Quickstart

Phenofhy helps you extract, process, and summarize OFH phenotype data inside the TRE, and also supports local testing on simulated data.

Prerequisites

You are running inside the OFH TRE with the dx toolkit available.
config.json is available in /mnt/project/helpers (Phenofhy uses it to resolve files).
If you have not uploaded Phenofhy to the TRE yet, see the Installation page.

For local testing, you can skip TRE prerequisites and start with simulated data (see Simulating data locally).
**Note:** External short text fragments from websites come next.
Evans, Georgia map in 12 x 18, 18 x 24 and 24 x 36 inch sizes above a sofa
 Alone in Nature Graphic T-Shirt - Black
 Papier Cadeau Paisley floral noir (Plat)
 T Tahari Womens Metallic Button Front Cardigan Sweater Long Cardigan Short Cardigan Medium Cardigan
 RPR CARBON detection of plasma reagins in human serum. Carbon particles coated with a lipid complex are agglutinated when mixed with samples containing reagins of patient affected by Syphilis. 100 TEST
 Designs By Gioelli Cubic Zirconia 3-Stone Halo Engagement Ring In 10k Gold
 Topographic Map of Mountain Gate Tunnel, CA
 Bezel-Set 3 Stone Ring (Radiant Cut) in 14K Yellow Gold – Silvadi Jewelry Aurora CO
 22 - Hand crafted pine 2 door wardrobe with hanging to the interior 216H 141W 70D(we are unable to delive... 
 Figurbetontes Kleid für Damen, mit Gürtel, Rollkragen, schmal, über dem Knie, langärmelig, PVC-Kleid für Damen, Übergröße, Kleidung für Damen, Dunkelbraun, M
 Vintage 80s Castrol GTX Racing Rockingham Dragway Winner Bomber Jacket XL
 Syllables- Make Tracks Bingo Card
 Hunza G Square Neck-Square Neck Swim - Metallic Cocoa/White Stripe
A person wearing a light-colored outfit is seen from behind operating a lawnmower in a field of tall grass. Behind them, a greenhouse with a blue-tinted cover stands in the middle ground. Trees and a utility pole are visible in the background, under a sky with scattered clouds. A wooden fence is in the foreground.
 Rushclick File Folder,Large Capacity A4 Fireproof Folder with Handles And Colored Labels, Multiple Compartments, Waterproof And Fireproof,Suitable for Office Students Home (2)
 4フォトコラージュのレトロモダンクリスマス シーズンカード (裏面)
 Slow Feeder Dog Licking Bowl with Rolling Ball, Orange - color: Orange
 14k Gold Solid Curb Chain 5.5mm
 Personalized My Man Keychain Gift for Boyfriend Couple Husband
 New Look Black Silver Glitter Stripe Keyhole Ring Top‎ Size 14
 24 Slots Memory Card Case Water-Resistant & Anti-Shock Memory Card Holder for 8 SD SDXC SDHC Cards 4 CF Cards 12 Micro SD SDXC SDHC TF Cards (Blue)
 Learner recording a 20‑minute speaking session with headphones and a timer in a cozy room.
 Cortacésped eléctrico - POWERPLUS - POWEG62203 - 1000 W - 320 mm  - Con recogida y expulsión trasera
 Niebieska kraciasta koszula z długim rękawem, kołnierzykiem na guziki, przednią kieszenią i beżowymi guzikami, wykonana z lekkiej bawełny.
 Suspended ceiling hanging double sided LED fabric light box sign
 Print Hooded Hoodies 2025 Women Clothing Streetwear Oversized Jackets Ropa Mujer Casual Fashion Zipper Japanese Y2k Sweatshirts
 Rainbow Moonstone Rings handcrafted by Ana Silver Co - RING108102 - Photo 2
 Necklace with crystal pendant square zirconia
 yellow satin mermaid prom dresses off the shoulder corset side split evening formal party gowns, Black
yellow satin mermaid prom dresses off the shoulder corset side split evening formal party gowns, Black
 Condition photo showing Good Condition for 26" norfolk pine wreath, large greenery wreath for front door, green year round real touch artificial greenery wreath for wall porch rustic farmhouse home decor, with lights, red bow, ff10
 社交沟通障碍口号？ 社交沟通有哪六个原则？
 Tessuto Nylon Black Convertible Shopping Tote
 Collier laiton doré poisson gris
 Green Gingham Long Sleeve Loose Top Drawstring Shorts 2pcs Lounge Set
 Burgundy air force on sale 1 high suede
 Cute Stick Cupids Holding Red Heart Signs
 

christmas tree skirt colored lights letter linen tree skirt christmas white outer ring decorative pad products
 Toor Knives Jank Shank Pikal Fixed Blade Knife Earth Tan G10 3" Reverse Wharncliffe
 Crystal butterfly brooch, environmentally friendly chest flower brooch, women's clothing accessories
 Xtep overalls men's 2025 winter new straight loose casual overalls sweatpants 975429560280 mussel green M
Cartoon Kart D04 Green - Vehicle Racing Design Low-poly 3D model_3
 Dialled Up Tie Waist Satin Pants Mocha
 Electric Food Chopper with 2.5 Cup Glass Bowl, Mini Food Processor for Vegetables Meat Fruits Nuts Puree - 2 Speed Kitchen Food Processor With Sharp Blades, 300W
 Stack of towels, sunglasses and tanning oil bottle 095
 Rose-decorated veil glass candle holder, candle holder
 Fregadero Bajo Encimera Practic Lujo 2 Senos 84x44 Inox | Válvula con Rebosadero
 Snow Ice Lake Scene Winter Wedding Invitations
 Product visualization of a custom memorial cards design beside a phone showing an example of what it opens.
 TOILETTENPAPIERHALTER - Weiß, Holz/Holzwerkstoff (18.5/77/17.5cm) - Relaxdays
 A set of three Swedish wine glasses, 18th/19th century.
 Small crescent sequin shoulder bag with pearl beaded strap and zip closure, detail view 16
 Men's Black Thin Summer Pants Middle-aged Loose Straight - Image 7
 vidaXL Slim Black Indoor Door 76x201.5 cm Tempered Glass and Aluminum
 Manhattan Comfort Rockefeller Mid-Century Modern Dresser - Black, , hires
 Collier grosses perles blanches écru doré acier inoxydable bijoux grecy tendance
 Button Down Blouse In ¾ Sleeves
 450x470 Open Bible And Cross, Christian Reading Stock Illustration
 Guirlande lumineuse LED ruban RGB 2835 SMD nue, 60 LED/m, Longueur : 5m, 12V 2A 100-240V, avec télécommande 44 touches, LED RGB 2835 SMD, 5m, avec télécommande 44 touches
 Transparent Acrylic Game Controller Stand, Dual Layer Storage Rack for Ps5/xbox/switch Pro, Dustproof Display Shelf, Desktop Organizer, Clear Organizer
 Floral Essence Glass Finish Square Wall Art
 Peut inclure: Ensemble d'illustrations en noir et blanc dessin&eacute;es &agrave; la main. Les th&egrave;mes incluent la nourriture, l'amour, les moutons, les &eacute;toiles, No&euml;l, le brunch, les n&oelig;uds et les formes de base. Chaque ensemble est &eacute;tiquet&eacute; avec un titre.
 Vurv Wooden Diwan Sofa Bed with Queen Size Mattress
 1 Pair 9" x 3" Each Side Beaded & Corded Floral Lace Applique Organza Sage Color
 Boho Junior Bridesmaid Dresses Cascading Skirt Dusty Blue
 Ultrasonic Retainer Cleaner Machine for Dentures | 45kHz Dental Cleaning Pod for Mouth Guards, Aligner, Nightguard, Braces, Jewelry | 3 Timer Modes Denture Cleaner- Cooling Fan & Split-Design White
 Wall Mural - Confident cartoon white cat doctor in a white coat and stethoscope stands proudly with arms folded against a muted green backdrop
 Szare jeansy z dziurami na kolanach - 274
Download Phenofhy into your JupyterLab session

Before running the workflow, download the Phenofhy package into your JupyterLab Spark instance using dx. Replace project_name with your TRE project name:

python

!dx download "project_name:/applets/phenofhy/" -r

This assumes Phenofhy was uploaded under the applets folder and contains the beta source code (i.e., Python modules).

Minimal workflow

python

from phenofhy import extract, process, calculate, profile, utils

# 1) Extract a small set of fields
extract.fields(
    output_file="outputs/raw/phenos.csv",
    fields=[
        "participant.registration_year",
        "participant.registration_month",
        "participant.birth_year",
        "participant.birth_month",
        "participant.demog_sex_2_1",
        "questionnaire.smoke_status_2_1",
    ],
)

# 2) Process participant data (derives age, sex, age_group)
df = process.participant_fields("outputs/raw/phenos.csv")

# 3) Summaries
summary = calculate.summary(
    df,
    traits=["derived.age_at_registration", "derived.sex"],
    stratify="derived.sex",
)

# 4) Profile report
report = profile.phenotype_profile(
    df,
    phenotype="derived.age_at_registration",
    output="outputs/reports/age_profile.pdf",
)

# 5) Upload your results
report = utils.upload_files(
   files="outputs/reports/age_profile.pdf",
   dx_target="results"
)

Next steps

Use calculate.prevalence() for prevalence tables.
Use icd.match_icd_traits() to match ICD codes to traits.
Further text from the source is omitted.